Chicago também era na época um dos principais pontos anarquistas da América do Norte. Há a publicação de jornais operários importantes em língua alemã, pois é muito grande o número de imigrantes advindos dos Estados Germânicos. Temos o Arbeiter Zeitung, dirigido por August Spies, e Verboten, dirigido por Michel Schwab. Em língua inglesa havia o Alarm, dirigido por Albert Parsons, um dos mais prestigiosos líderes sindicais e fundador da Central Union.
Amanheceu silencioso o sábado, 1º de maio de 1886, em Chicago. Fábricas, transportes e comércio estavam paralisados. Entretanto circulam os jornais burgueses, e no editorial do Mail há acusações contra Spies e Parsons, pedindo que as autoridades os considerem responsáveis por algo que possa acontecer fora da ordem naquele dia.
O silêncio é rompido por uma passeata que surge na avenida Michigan rumo à praça Haymarket, com dezenas de milhares de trabalhadores junto de suas famílias. Abrem a marcha Parsons e sua família, em volta os dirigentes da AFL e dos Cavaleiros do Trabalho. Seguem-se as diversas colônias de imigrantes em seus trajes típicos: alemães, poloneses, russos, italianos, irlandeses, etc. No alto dos edifícios e nas esquinas, estão os homens da Guarda Nacional e da Agência Pinkerton. A multidão se dispersa pacificamente após um comício em que discursam oradores de diversas nacionalidades.

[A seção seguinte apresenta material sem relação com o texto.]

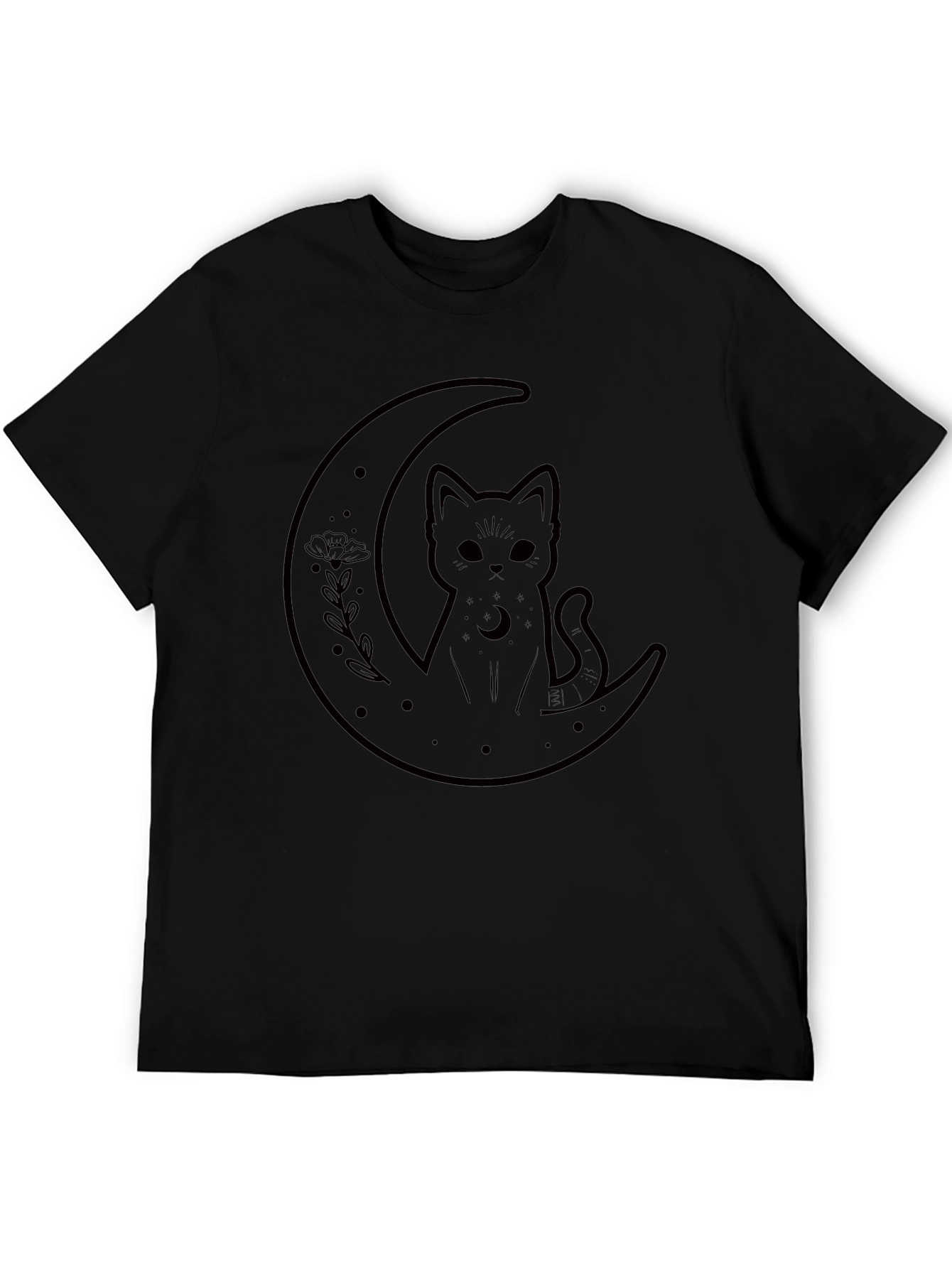 Cat on Moon Graphic Tee - Black T-Shirt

Segunda-feira, dia 3 de maio, a greve continua em muitos estabelecimentos. A tragédia começa diante da fábrica McCormick Harvester, quando a polícia dispara matando seis operários, ferindo cinquenta e prendendo dezenas deles. Spies, ao saber do ocorrido, apela para uma concentração a ser realizada no dia seguinte à tarde, e pede para que os trabalhadores levem seus filhos. O editorial do Arbeiter Zeitung estampa: “A guerra de classes começou... Quem pode negar que os tigres que nos governam estão ávidos de sangue dos trabalhadores... Melhor a morte que a miséria” (Del Roio, 1986, 60).
No dia seguinte, ao cair da noite, na mesma praça Haymarket, os trabalhadores se reúnem para chorar seus mortos. Entretanto, um banho de sangue maior ainda estava prestes a ocorrer.
"Os oradores são Spies, Parsons e Sam Fielden. Eles pedem calma e incitam todos a continuar a luta unidos e compactos. Quando a concentração começa a dispersar-se, um grupo de 180 policiais ataca com violência, espancando, pisoteando, ferindo a todos indistintamente. Nesse instante uma bomba, vindo não se sabe de onde, estoura no meio dos guardas. Uns 60 caem feridos, vários morrerão em seguida em consequência das lesões. É o sinal da carnificina. Reforços chegam e começam a atirar em todas as direções. Centenas de pessoas de todas as idades caem. O sangue ensopa as pedras das ruas. Os gritos dos feridos cobrem os suspiros dos moribundos. Em poucos minutos tudo termina.
Nunca se conseguiu apurar quantos foram os mortos daquele maldito dia, pois os corpos foram enterrados às escondidas. É decretado estado de sítio e a proibição de sair às ruas. Milhares de trabalhadores são presos, muitas sedes sindicais incendiadas. Grupos de facínoras, pagos pelos patrões, invadem as pobres casas espancando e destruindo as poucas coisas e as pessoas que encontram" (Ibid., 60-1).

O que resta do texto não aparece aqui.